Cleansing non-performing loans from EU bank balances

 

Since the financial crisis, banks have accumulated about a trillion euro’s worth of non-performing loans (NPLs) on their balance sheets. The high levels of NPLs in Italy, Greece and Portugal, for example, constrain their banks’ lending abilities and cause delays in economic recovery. Various potential private and public solutions have been put forward to resolve the problems caused by NPLs but they persist, despite some improvement in recent quarters.
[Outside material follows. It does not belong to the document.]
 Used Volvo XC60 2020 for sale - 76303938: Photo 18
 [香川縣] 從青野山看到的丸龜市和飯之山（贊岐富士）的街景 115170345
During a CEPS lunchtime meeting at the end of September, panellists Piers Haben (EBA), Ramón Quintana Aguirre (ECB), Stefano Del Punta (Intesa Sanpaolo), and Massimo Massimilla (Algebris Italy) discussed resolving NPLs and the need for further public interventions. Banks can reduce their stock of NPLs in various ways. Depending on the type of NPL portfolio and a bank’s capacity, a bank-specific strategy should be chosen. Whether it is optimal to keep the NPLs or to sell them to investors or a public asset management company depends on a bank’s capacity to maximise the recovery value. Indeed, smaller banks do not often have the staff or the knowledge to recover the most from NPLs themselves, in which case the sale of NPLs to investors should be the preferred strategy. Investors in NPLs often require high returns and are small in number. In order to attract more investors, supervisors are improving the information they give to potential investors. There is, however, still room to improve the resolvability of NPLs, and especially to foster the efficiency of the judicial system and insolvency law.